Killian waved his hand. “Like learning ballet or whatever.”
“Oh,” said Doc, mystified.
“And that’s the other thing. This is BioFi version 7.6, which enables zottabytes of data to be transmitted in minutes. We could operate at much lower speeds and fidelities for skills transfers, of course,” Killian continued, “but we do still get better fidelity with a hard connection. And I don’t have to tell you what the arrival of 7.6 means for the transfer of meta-neural data.”
“You can say that again,” said Doc, feigning a laugh.
“It’s just all so exciting to us,” said Killian, still giddy. “And for you too, if you’re to educate your customers. You know about the dislocation paradigm?”
Killian was so excited, Doc didn’t even have to pull a response from his ass. The scientist rushed to explain: “With an upload, I mean. Where people worry about emergent properties like consciousness, identity, and all of that, because who wants to become just bits in an archive, without being who they were before?”
“Not me,” said Doc.
“Exactly. But what we’ve done, thanks to the arrival of 7.6 and the speeds it allows (especially when tethered; you don’t have to go wireless), is to create a buffer during the transfer process, allowing neural data to exist not just within the body and not just within The Beam, but effectively in both, with sixteen separate redundancies to ensure that…”
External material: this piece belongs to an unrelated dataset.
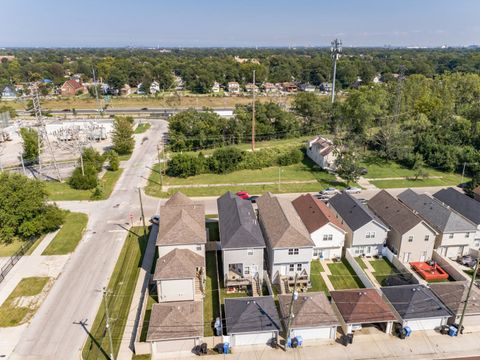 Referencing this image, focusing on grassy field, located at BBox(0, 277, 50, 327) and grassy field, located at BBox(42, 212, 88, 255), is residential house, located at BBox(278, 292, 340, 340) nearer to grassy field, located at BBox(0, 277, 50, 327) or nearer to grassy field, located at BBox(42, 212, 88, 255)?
grassy field, located at BBox(0, 277, 50, 327)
A bell-like noise cut Killian off. He and Doc turned to look at a rectangular screen that had appeared on the wall to Doc’s right. The screen showed the girl Doc had met at the front desk, still seated. Something had changed in her manner. Before, she had been bubbly and exuberant, but now she seemed somehow bothered.
“Um… Mr. Killian?” she said.
Killian smiled. “Yes, Vanessa!”
“Um… there’s someone here to see you.”
“Well, I’m in with a client now,” he said, then swiped the screen closed. A moment later, it opened again.
“You really should talk to him.”
“Well, then, Vanessa,” said Killian, annoyed, gesturing toward Doc. “Maybe you’d like to explain to Mr. Greenley why…”
But of course, Doc wasn’t Mr. Greenley. He suddenly understood why Killian thought it was his first time here, why the girl thought he’d arrived early rather than late, and why none of what Killian was taking for granted made a molecule of sense to him.
“That’s the issue,” said Vanessa, looking side to side nervously. “The person out here to see you is Mr. Greenley.”
Behind Doc, a magnetic door lock clicked into place, and an armored guard began walking toward him.